[Data records Boundary: Start]
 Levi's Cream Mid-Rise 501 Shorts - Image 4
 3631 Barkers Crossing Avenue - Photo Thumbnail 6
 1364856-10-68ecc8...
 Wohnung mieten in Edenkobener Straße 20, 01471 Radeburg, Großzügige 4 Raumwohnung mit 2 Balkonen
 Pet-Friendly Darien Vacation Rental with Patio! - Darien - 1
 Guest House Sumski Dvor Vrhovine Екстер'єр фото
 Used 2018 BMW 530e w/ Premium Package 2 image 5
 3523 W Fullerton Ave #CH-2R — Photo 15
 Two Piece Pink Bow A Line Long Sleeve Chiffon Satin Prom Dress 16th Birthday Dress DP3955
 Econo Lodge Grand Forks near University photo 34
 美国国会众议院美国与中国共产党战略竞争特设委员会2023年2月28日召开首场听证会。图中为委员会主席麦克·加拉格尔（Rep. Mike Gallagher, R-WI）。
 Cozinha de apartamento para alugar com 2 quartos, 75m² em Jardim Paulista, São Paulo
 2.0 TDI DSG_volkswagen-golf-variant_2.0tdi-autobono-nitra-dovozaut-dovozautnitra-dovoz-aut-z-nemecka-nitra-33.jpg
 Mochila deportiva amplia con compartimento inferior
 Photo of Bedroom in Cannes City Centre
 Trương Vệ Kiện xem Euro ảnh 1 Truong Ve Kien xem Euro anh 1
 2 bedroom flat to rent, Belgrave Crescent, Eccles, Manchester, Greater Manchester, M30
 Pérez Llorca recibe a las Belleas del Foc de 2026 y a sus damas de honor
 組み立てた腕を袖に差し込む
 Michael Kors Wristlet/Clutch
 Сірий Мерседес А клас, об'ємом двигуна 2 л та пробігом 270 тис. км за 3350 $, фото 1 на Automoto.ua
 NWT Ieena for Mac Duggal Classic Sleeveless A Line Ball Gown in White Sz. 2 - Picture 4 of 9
[Data records Boundary: End]
Retrieve each line from the records above where the word "фото" occurs.

## [Result for this exercise]
 Guest House Sumski Dvor Vrhovine Екстер'єр фото
 Сірий Мерседес А клас, об'ємом двигуна 2 л та пробігом 270 тис. км за 3350 $, фото 1 на Automoto.ua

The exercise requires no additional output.